A China também pretende recorrer à diplomacia cultural como meio relevante à reconfiguração de sua imagem. Isso será feito por meio do investimento do Estado nos Institutos Confúcio, os quais têm trabalhado: promoção da língua chinesa; formação de professores para lecionar o idioma; difusão internacional da cultura da China. Em relação a esses Institutos salienta-se que a primeira unidade foi criada em 2004 em Seul e foi expandida para diversos continentes. “[...] Em 2011, já contava com cerca de 350 unidades em 105 países ou regiões”. (MORAES, 2013). Além da manutenção desses centros culturais, a China, em 2008, foi anfitriã dos Jogos Olímpicos - evento cuja divulgação de imagem de país moderno pôde ser feita.

Os autores creem, por fim, que o uso dos mass media é modo novo de realizar diplomacia cultural na contemporaneidade por conta do espaço preponderante que as comunicações massivas alcançaram nas sociedades de distintas partes do mundo. Esse pensamento está em consonância com a forma não tradicional de realizar diplomacia cultural identificada por Harvey (1991), que consistia no uso de elementos da indústria cultural (literatura, rádio, cinema, televisão etc.) em evidência no momento da escrita de seu trabalho.

Nessa diretriz, Bound e colaboradores (2007) destacam que a Internet é um meio/ambiente de comunicação com valor potencial para a aproximação de pessoas de distintas culturas.

Another factor affecting mass cultural exchange and interaction is the step change that has occurred in the use of the Internet.
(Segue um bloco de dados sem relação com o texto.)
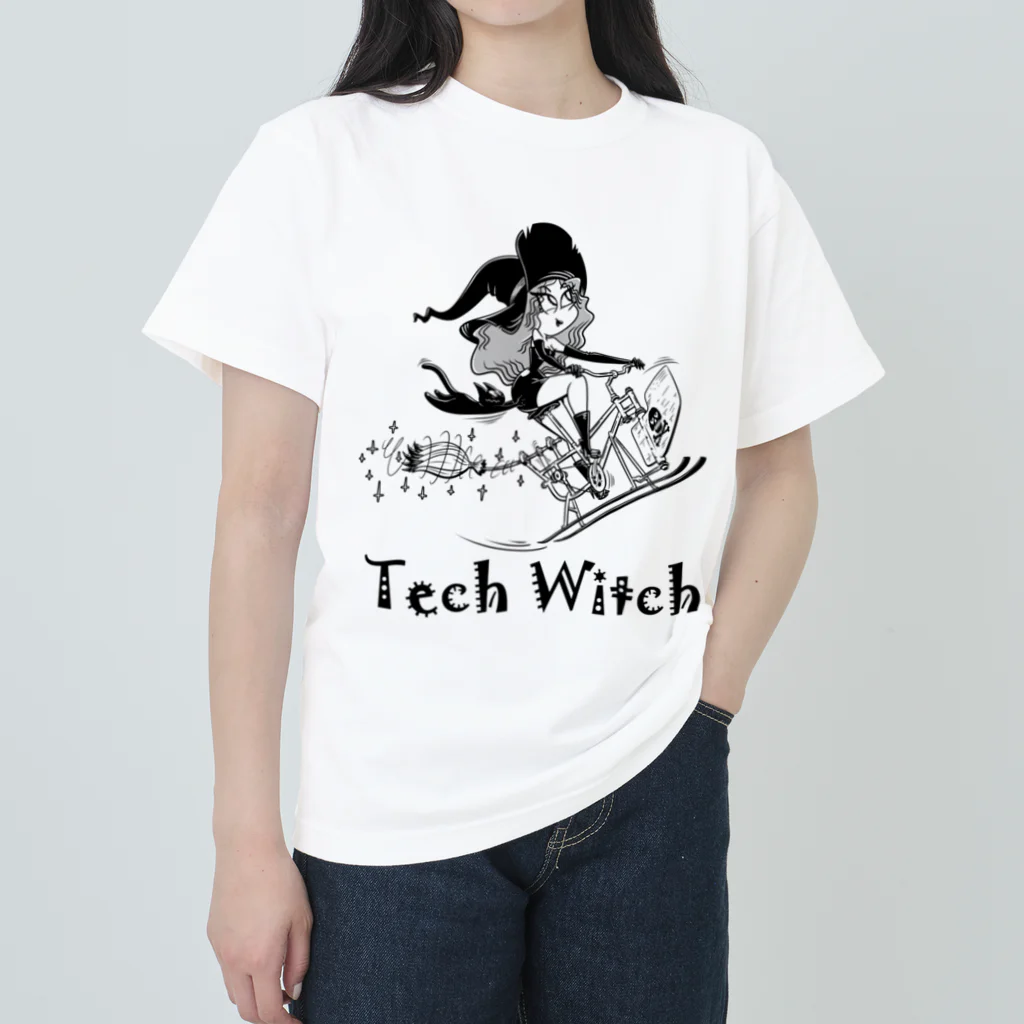 nidan-illustrationの“Tech Witch” Heavyweight T-Shirt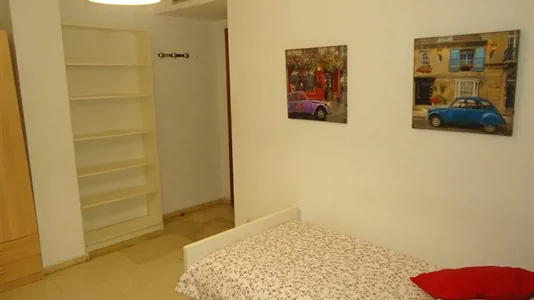 Rooms in Córdoba - photo 2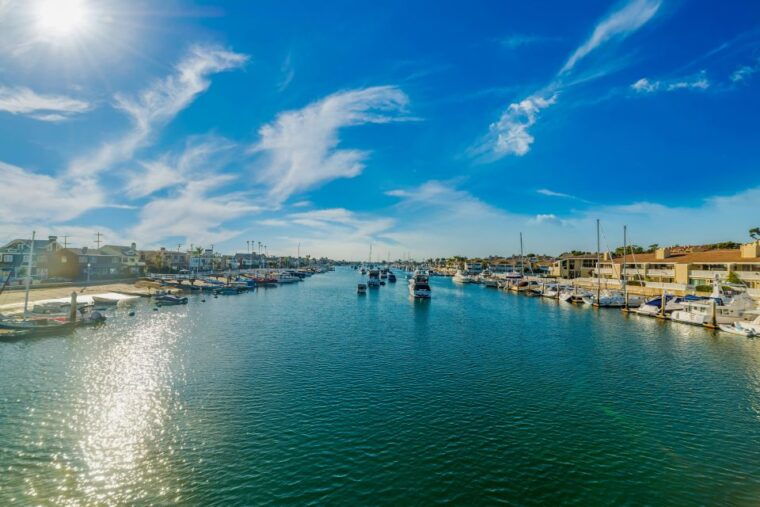 newport-beach-champagne-and-brunch-buffet-cruise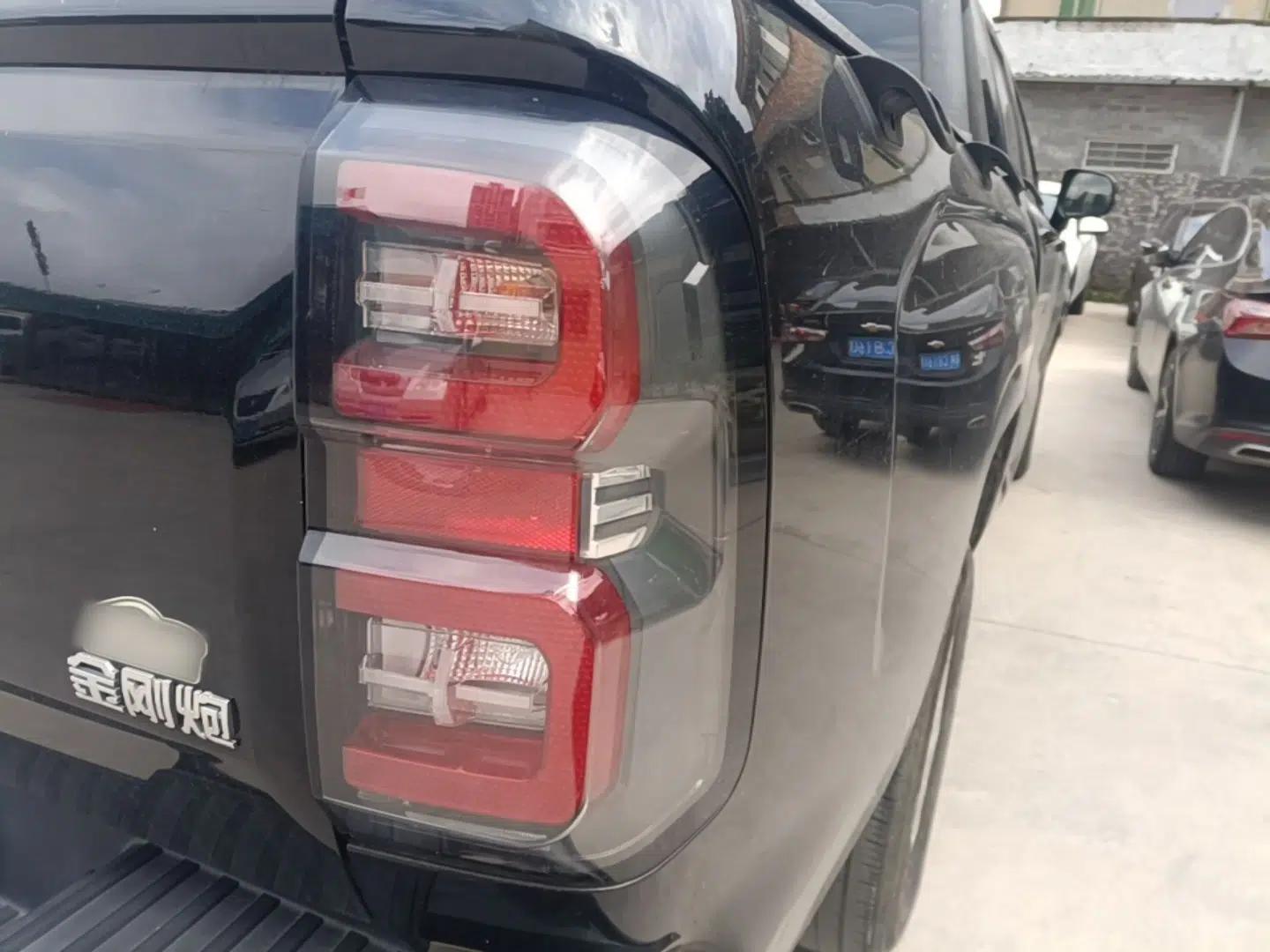 Great Wall King Kong Poer 2022 2.0T Manual Diesel 4x4 Elite Long-Box Version GW4D20M — миниатюра 7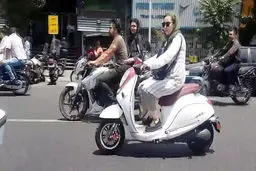 موتورسواری خانم ها در ایران افزایش یافت | موتوربرقی در صدر درخواست های زنان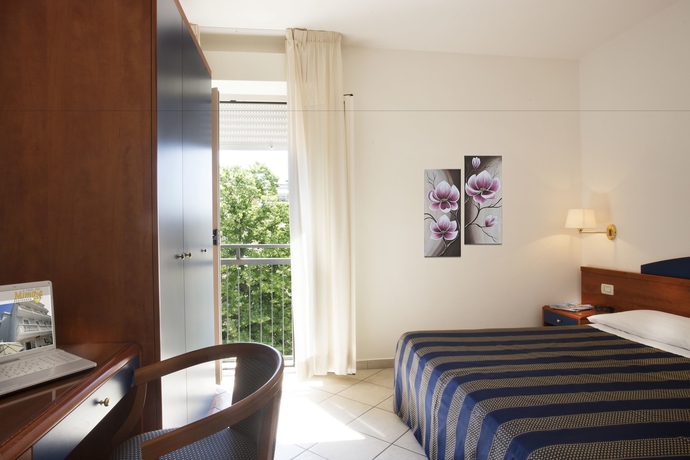Imagen de la habitación del Hotel Residence Mimosa. Foto 10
The emergence of YouTube, where every day millions of people watch over 70 million videos and other social websites like Bebio and MySpace have generated a more participatory form of globalised culture. Social software has multiplied spaces for, and forms of cultural communication creating a multitude of points of connection that do not respect borders or conventional definitions of nations. (BOUND E COLABORADORES, 2007, p. 31).

Para que a Internet possa favorecer o intercâmbio e aproximação de culturas, é preciso conhecer idiomas ou ter acesso a traduções que são feitas em diversas línguas. Ademais, o aumento da circulação de turistas, estudantes e trabalhadores em distintas partes do mundo,

são outras formas pelas quais as relações culturais internacionais têm se beneficiado. Esses fatores, portanto, precisam ser considerados por parte dos formuladores de diplomacia cultural na contemporaneidade. Desse modo, surgem indagações consoantes às intenções, propostas e objetivos desse campo político-diplomático.